*Problem to solve:*
Between the line containing "Simone Perele Orphee Boyshort in pink" and the line containing "Tractor John Deere 6195R: foto 15 Tractor" lies a run of lines; give that run again exactly, with both of those lines, and nothing else from the entries below.

Supplied material START

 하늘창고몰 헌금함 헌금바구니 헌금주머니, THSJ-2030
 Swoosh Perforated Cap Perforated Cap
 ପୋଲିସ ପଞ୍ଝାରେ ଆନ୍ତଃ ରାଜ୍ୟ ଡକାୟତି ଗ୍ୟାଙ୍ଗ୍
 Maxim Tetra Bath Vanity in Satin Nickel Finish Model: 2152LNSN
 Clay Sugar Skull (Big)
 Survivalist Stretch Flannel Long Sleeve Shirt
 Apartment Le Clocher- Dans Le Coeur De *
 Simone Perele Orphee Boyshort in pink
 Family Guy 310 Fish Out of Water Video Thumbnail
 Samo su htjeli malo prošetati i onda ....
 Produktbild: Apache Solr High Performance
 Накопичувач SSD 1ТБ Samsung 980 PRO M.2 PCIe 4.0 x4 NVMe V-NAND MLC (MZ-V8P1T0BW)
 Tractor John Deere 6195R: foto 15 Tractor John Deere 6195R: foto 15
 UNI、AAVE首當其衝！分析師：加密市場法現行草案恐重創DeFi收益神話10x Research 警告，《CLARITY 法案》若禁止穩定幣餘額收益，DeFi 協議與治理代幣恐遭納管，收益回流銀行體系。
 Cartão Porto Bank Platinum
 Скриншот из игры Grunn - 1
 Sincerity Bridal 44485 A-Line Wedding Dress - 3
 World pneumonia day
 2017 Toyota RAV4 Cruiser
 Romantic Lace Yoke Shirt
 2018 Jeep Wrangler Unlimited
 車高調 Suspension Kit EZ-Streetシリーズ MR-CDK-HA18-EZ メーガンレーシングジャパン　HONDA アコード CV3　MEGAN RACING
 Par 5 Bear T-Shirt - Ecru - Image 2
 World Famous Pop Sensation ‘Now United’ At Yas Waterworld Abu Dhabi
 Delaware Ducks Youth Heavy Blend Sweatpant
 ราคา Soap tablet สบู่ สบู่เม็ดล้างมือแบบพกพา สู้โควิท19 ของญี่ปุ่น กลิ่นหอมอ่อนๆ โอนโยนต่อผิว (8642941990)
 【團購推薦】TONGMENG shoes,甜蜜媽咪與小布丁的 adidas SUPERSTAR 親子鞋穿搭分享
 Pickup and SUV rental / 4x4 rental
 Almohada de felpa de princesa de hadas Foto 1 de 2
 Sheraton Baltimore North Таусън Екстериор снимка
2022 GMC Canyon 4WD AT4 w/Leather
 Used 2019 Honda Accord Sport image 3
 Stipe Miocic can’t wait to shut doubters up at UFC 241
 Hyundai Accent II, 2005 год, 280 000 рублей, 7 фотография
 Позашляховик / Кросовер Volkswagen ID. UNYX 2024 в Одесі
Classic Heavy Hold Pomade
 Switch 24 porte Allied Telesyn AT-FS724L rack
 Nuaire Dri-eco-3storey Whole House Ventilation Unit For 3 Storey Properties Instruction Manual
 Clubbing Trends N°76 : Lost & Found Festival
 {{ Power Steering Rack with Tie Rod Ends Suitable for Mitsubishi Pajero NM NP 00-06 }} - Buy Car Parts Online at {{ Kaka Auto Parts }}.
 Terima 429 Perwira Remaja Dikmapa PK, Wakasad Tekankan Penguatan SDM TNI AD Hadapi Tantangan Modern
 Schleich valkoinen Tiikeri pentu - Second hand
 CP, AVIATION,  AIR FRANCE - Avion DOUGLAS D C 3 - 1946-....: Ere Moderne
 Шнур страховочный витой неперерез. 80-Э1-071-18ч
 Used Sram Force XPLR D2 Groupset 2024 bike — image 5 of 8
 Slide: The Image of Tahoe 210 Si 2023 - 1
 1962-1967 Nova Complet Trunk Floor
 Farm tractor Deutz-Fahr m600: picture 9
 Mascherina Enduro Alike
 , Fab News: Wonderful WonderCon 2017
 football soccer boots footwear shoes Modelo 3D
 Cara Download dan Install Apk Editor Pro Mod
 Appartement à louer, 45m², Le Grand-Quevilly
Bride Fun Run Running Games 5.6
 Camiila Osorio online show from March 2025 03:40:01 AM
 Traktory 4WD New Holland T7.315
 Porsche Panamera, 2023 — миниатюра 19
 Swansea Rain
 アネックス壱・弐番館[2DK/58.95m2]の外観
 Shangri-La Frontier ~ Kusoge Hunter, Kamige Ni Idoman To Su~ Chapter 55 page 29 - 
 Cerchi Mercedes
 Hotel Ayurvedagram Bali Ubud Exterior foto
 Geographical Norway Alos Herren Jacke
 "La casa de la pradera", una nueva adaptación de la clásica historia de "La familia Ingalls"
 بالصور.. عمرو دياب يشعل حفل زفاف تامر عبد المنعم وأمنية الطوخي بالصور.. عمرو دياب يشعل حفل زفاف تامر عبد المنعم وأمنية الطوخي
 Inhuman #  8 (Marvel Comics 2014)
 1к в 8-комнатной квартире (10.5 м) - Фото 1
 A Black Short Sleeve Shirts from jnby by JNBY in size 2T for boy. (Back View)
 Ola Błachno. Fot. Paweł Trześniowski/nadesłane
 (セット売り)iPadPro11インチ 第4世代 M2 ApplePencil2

Supplied material END

*Answer box:*
 Simone Perele Orphee Boyshort in pink
 Family Guy 310 Fish Out of Water Video Thumbnail
 Samo su htjeli malo prošetati i onda ....
 Produktbild: Apache Solr High Performance
 Накопичувач SSD 1ТБ Samsung 980 PRO M.2 PCIe 4.0 x4 NVMe V-NAND MLC (MZ-V8P1T0BW)
 Tractor John Deere 6195R: foto 15 Tractor John Deere 6195R: foto 15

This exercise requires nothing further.